■ AVAILABLE DATA

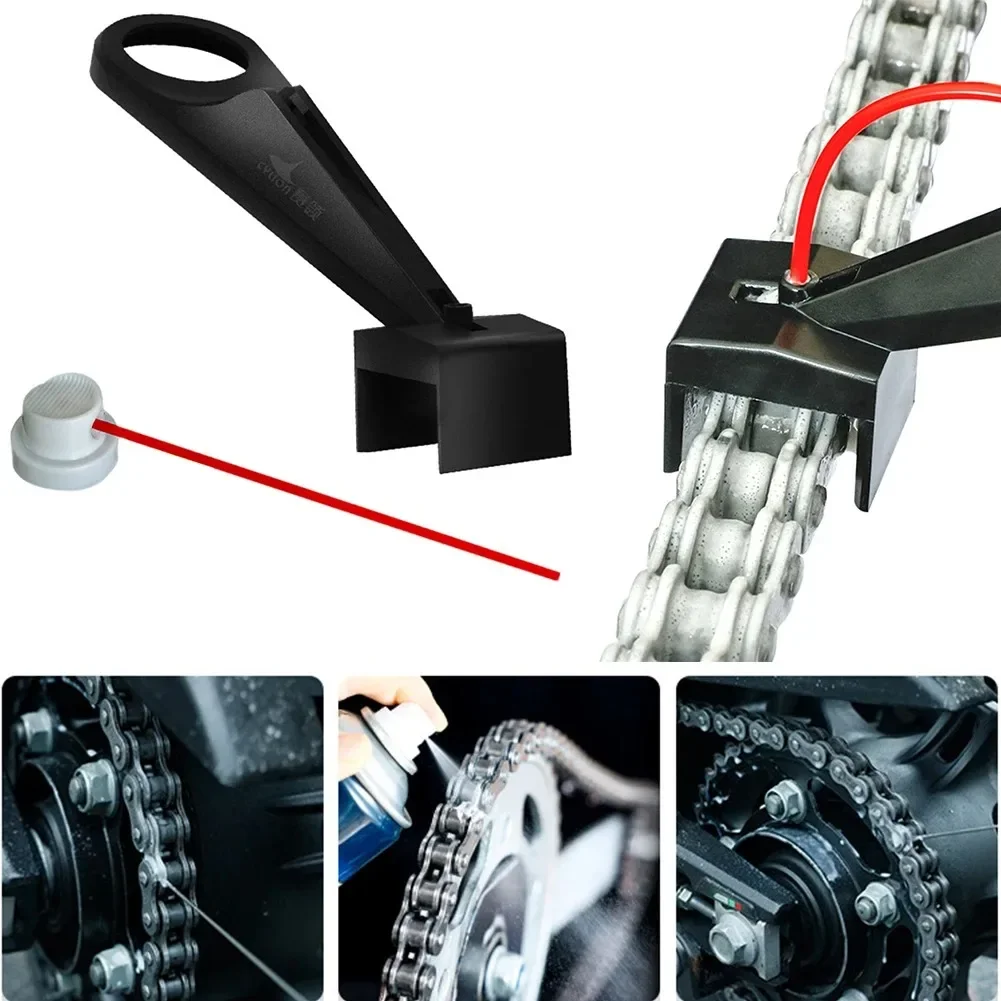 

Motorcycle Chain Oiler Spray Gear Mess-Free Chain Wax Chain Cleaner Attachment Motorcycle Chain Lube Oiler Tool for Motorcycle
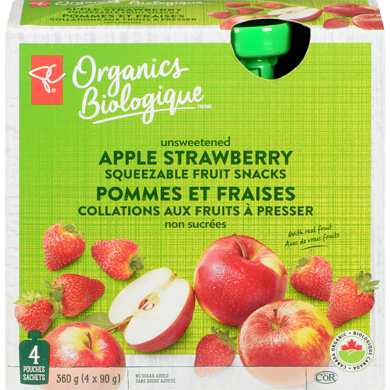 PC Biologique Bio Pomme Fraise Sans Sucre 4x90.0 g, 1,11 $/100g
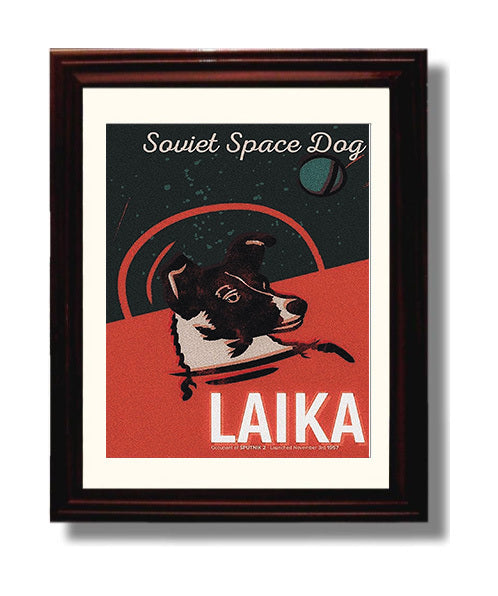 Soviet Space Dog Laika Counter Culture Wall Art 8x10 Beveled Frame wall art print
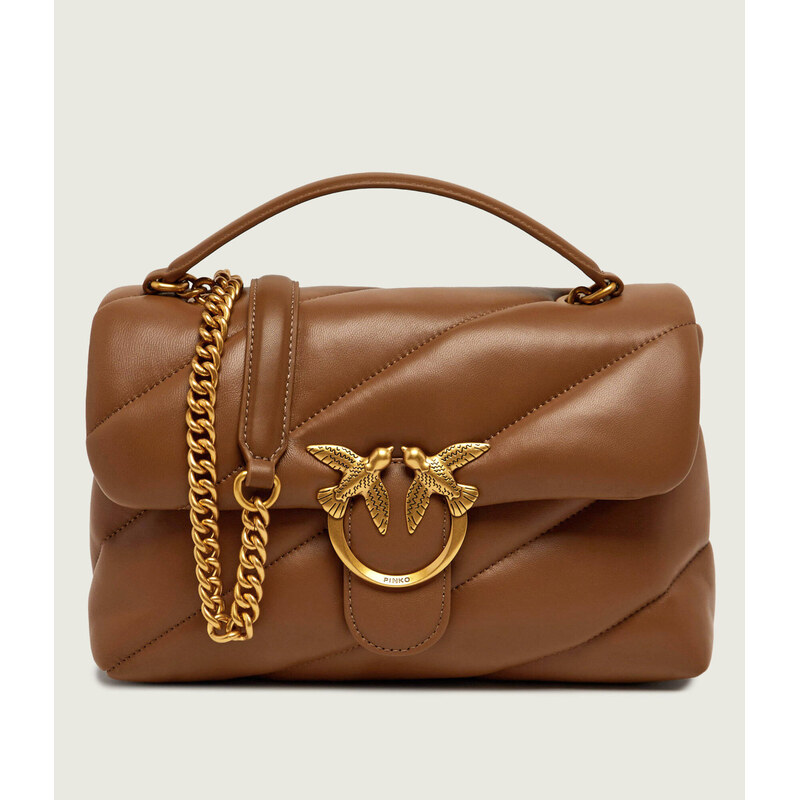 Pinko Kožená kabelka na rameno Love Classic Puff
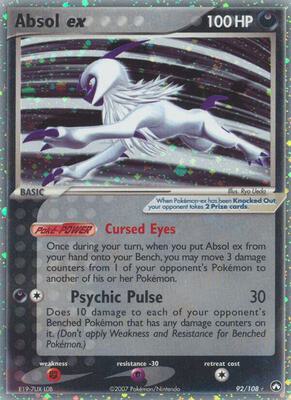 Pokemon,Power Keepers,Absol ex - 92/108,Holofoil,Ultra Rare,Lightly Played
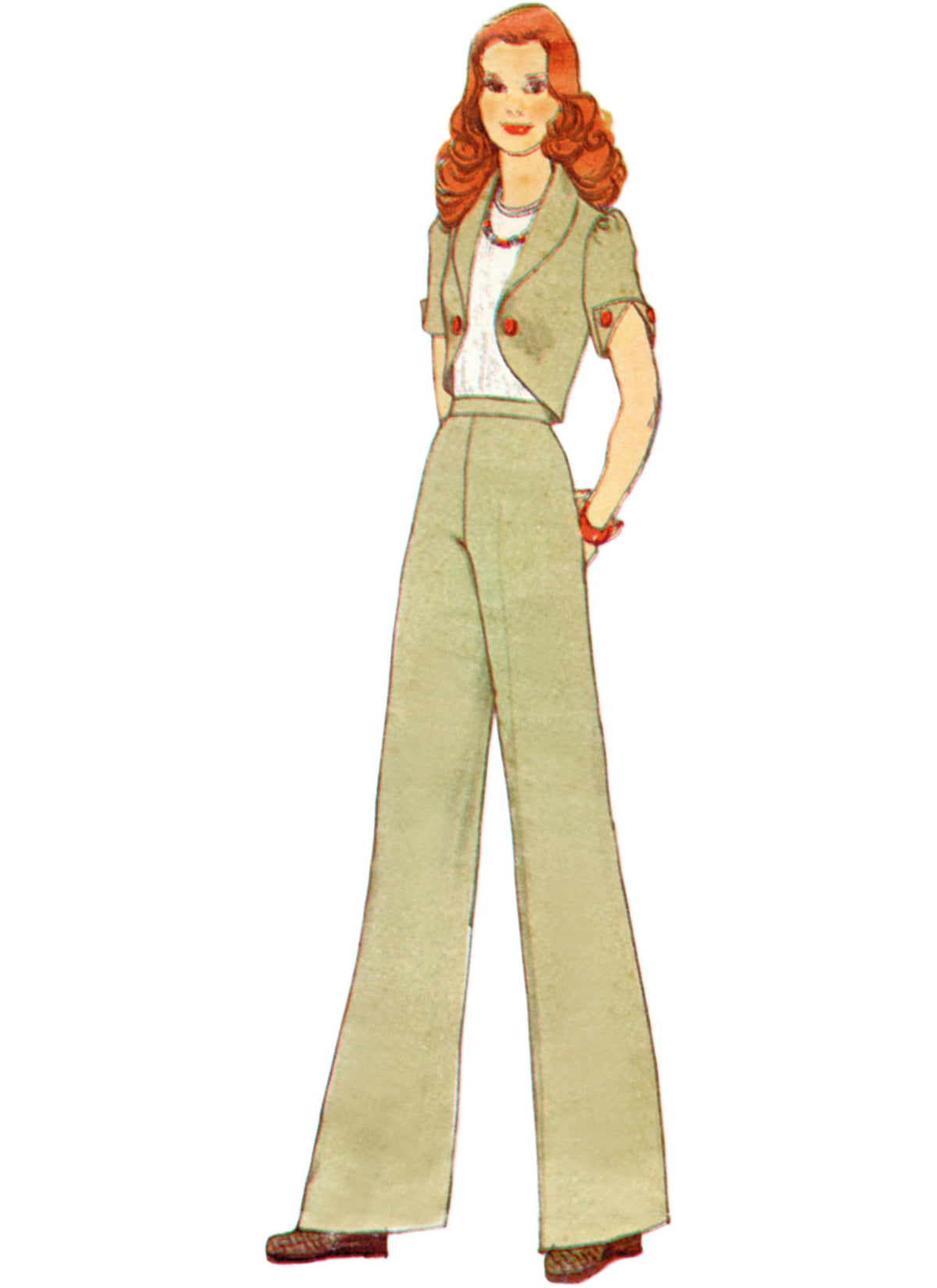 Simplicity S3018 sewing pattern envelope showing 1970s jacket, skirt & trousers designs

...

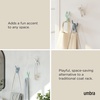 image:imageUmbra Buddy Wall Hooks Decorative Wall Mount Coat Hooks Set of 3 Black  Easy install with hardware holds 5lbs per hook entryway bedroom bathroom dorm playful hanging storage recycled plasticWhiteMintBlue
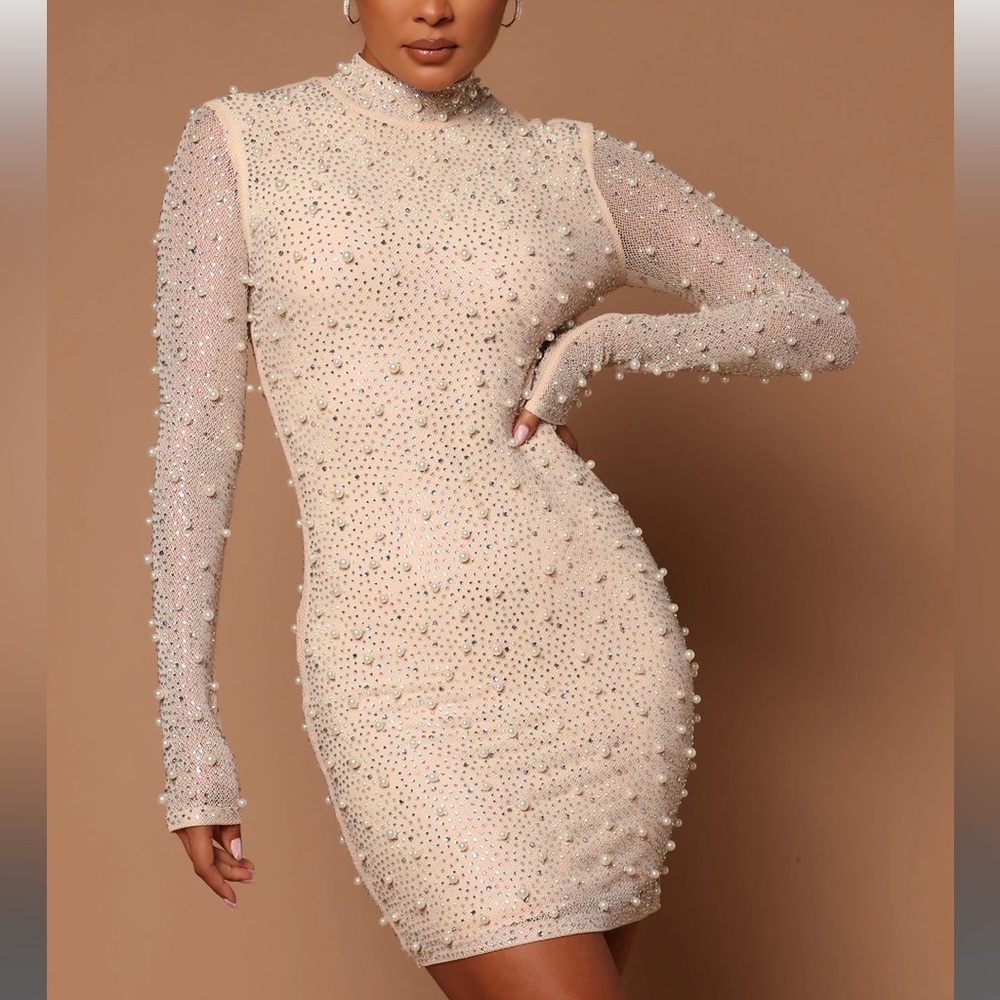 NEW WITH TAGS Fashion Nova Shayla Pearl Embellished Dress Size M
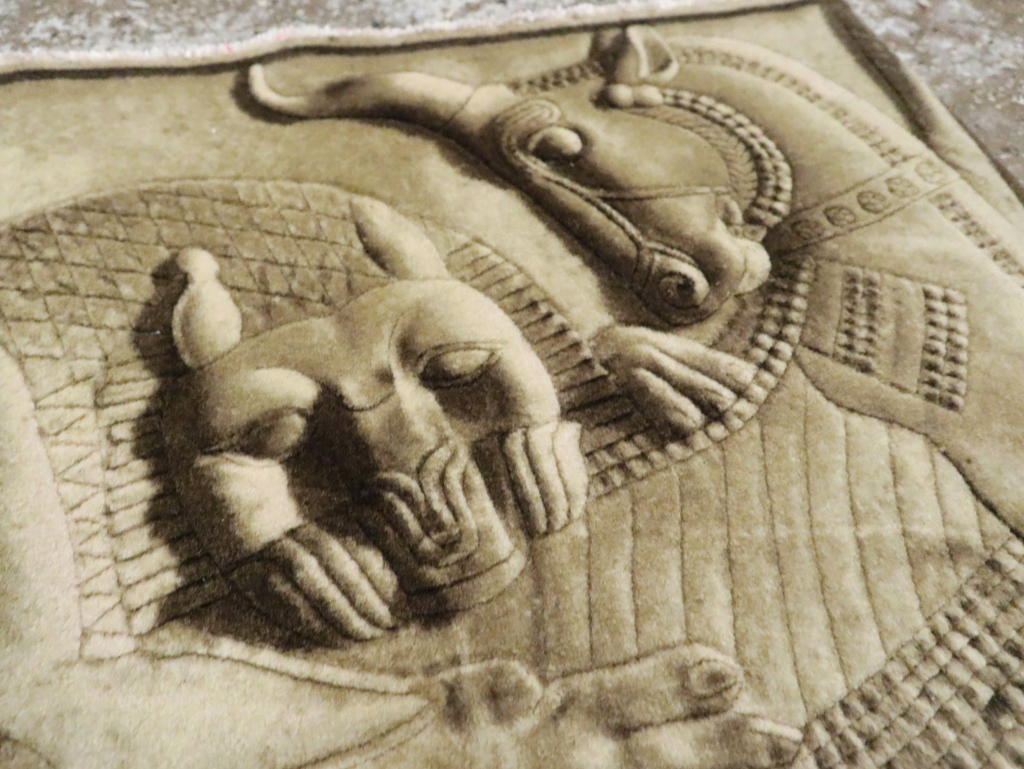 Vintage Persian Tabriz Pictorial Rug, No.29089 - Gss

--

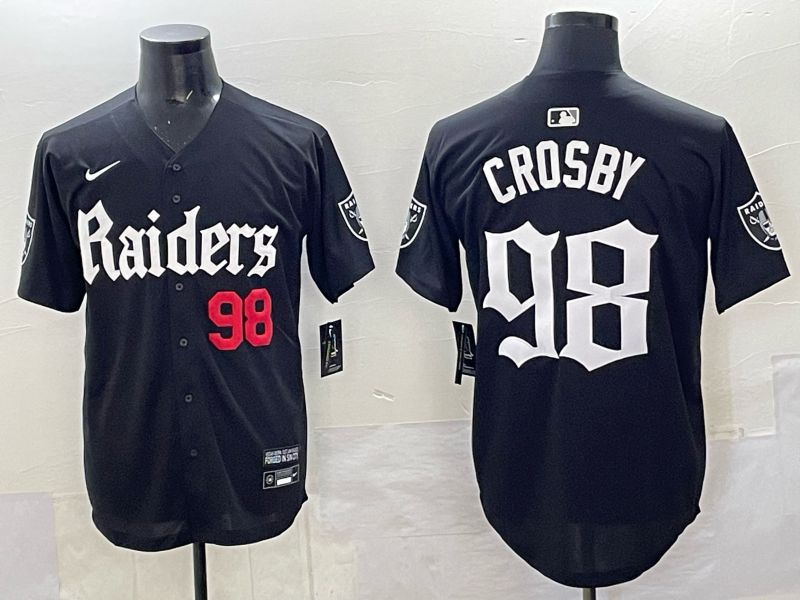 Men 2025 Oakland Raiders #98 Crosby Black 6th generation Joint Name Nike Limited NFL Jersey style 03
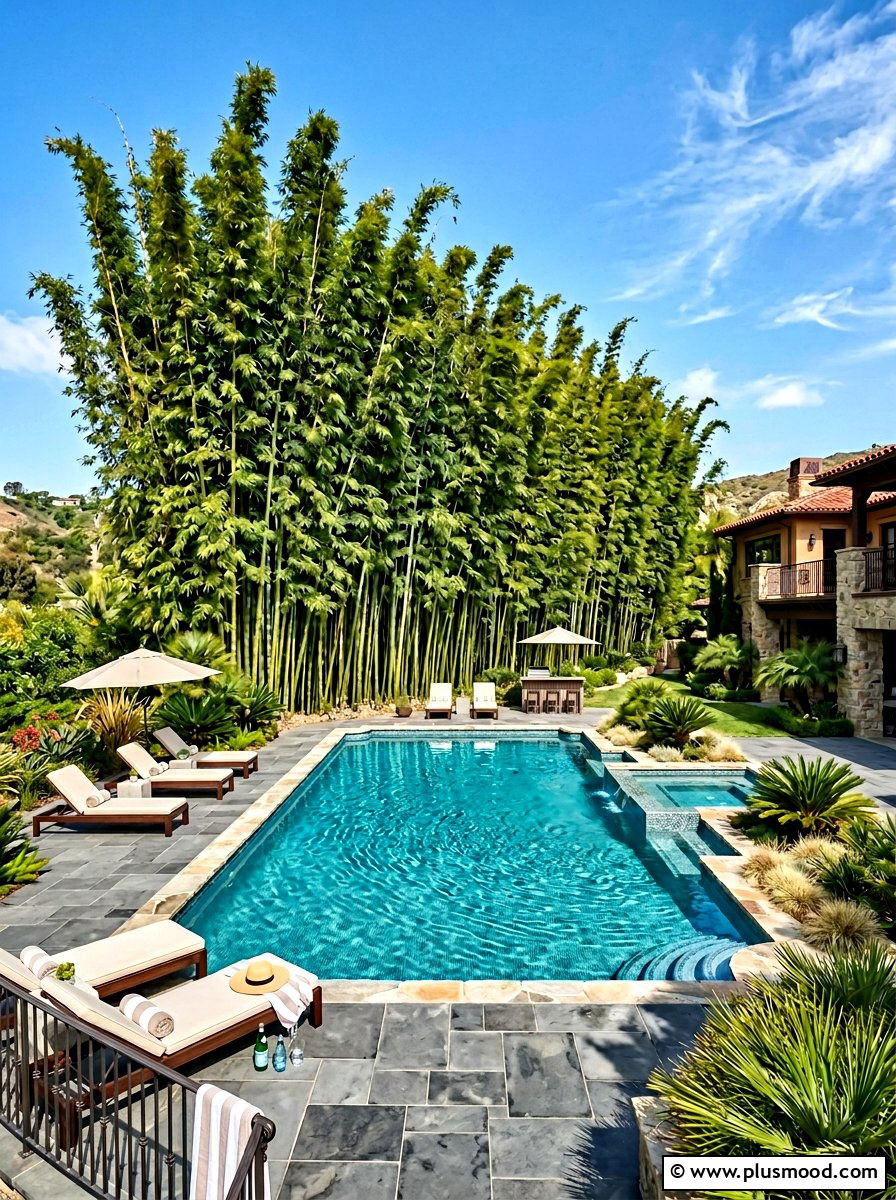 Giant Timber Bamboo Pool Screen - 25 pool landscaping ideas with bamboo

■ WHAT YOU ARE ASKED TO DO
Exactly the lines starting at the one above with "Men 2025 Oakland" and ending at the one with "Giant Timber Bamboo" should be printed, and nothing else. Omit the pictures.

■ SOLUTION TO THIS EXERCISE
 Men 2025 Oakland Raiders #98 Crosby Black 6th generation Joint Name Nike Limited NFL Jersey style 03
 Giant Timber Bamboo Pool Screen - 25 pool landscaping ideas with bamboo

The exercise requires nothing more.